Part of the beauty of the film ‘Blade Runner’ is how it exists seamlessly in two worlds. Blending vintage technology with engineered humans and flying cars makes this distant future an accessible one. The Voight-Kampff machine for example, is an advanced polygraph for identifying replicates. This device however, includes bellows, a technology that has been used by Egyptians since 4000 AC, and seems out of place within a world with extraterrestrial colonies and little limitation in technological advancement. Additionally, the use of fans in the first interrogation scene and when Deckard visits Bryant (M. Emmet Walsh) to discuss the rogue replicates, creates a sense of the vintage and the modern coexisting—while giving viewers a definitive point of reference in a somewhat unfamiliar world.

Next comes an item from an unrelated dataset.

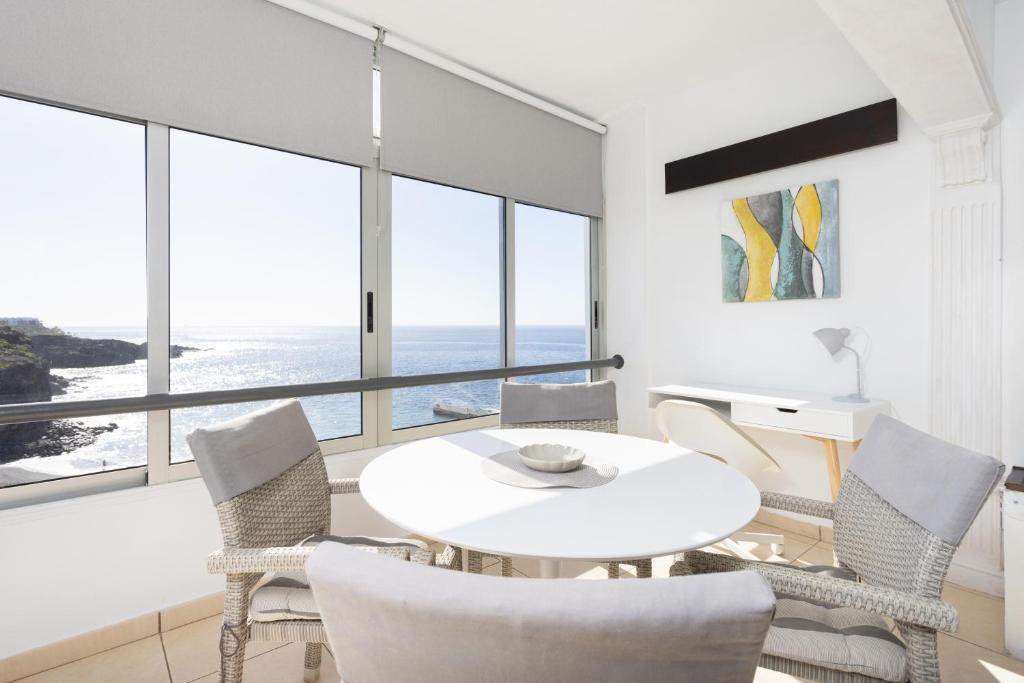 une salle à manger blanche avec une table et des chaises blanches dans l'établissement Tranquilidad, playa y vistas al mar, à Callao Salvaje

This use of anachronism, a chronological inconsistency in some element or object, allows the film to adopt an older style of filmmaking. Film noir as a style has low-key, hard lighting, which is accentuated by a detective and femme fatale. Deckard is clearly the detective figure and his love interest Rachael (Sean Young), is the femme fatal, as her presence brings about additional danger. Furthermore, Deckard’s apartment and many of the places he visits are poorly lit, using shadows and the extremes of light and dark. Throughout the entire film it is only daytime once – and this is as the sun is setting, the rest of the story happens under the cover of darkness. This lack of daylight helps draw attention to the noir style of filmmaking employed by Ridley Scott.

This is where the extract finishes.